I suspect that when many people think about how God created humans, they have a subconscious image of Him carefully designing each system and part, essentially the same way a human engineer would. But increasingly that’s not how human engineers work.
Until recently, an engineer who wanted to design something would sit down in front of a drafting table, a lab notebook, or a napkin and start drawing. Each part of the object being built would be carefully designed to do its job. And I suspect that’s how most people still think of engineers working. That’s been changing, though. The invention of small, powerful computers has fundamentally changed the way things are designed, in a way that has direct bearing on the debate between evolution and creationism.
As an example consider the microprocessor. The Intel 4004, the first microprocessor and the chip that started the computer revolution, had a few thousand microscopic circuits that were designed and laid out by hand. But microprocessors have become dramatically more complex; the Pentium 5 that most of the computers being used to read this are based on has around 100 million components.

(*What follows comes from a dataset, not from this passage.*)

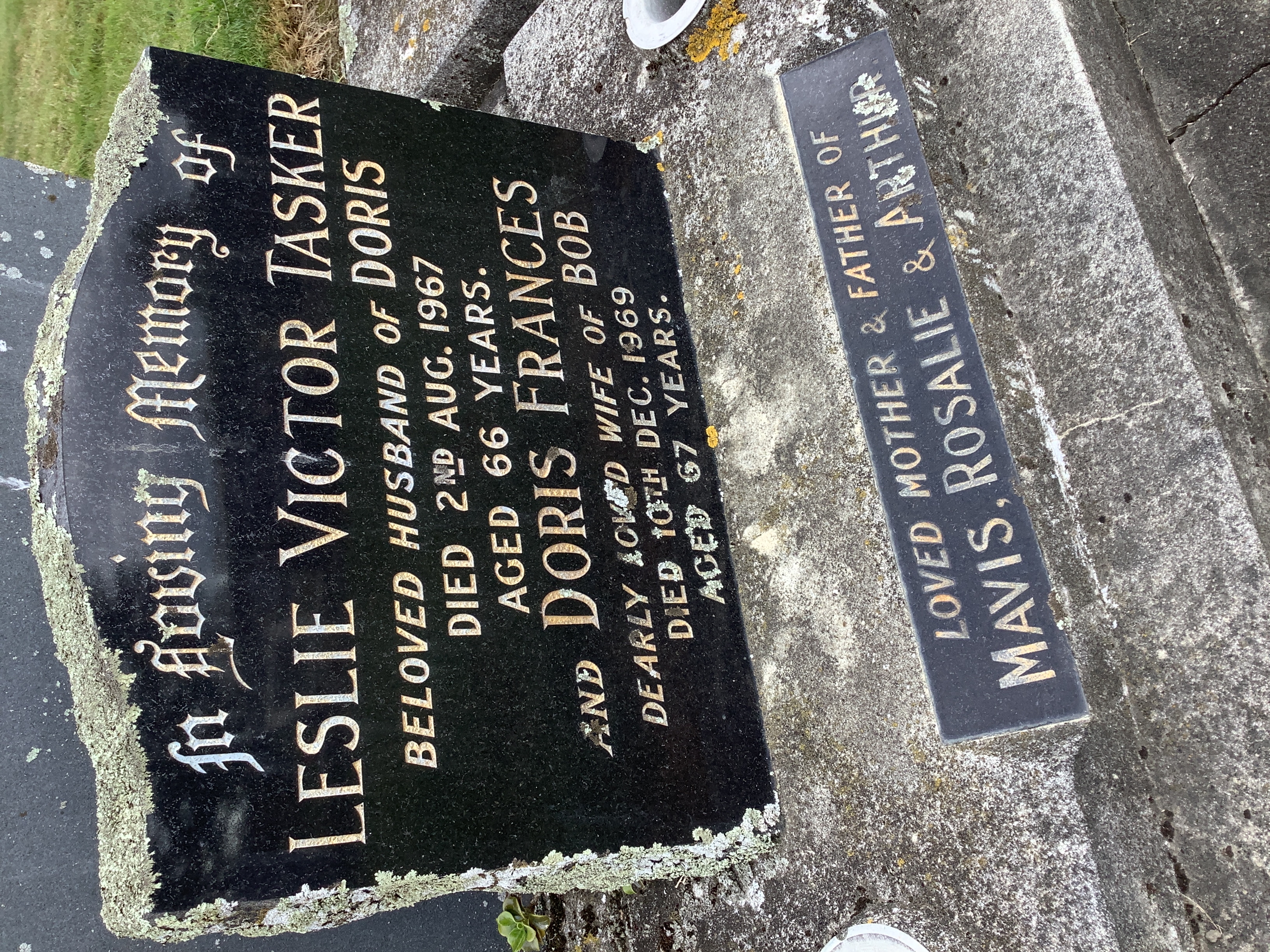 headstone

There’s no way a human eningeering team could correctly design a chip with that many components; it would take hundreds of years. Instead, the engineers specify certain design parameters about the chip — how fast it will be, how much memory it will have, what operations it will perform, and so on — and then feed those specifications into a piece of software that automatically lays out the components so they meet the specification (of course that’s a dramatic simplification of the design process, but it’s basically accurate). At no time does a human ever lay out individual components. The design emerges naturally out of the design specification and the layout algorithm. The reasons for the new technique are multiple, but the most important are that implicit design takes less time and results in higher performance. In many cases, implicit design allows engineers to solve problems that just weren’t tractable using explicit design techniques.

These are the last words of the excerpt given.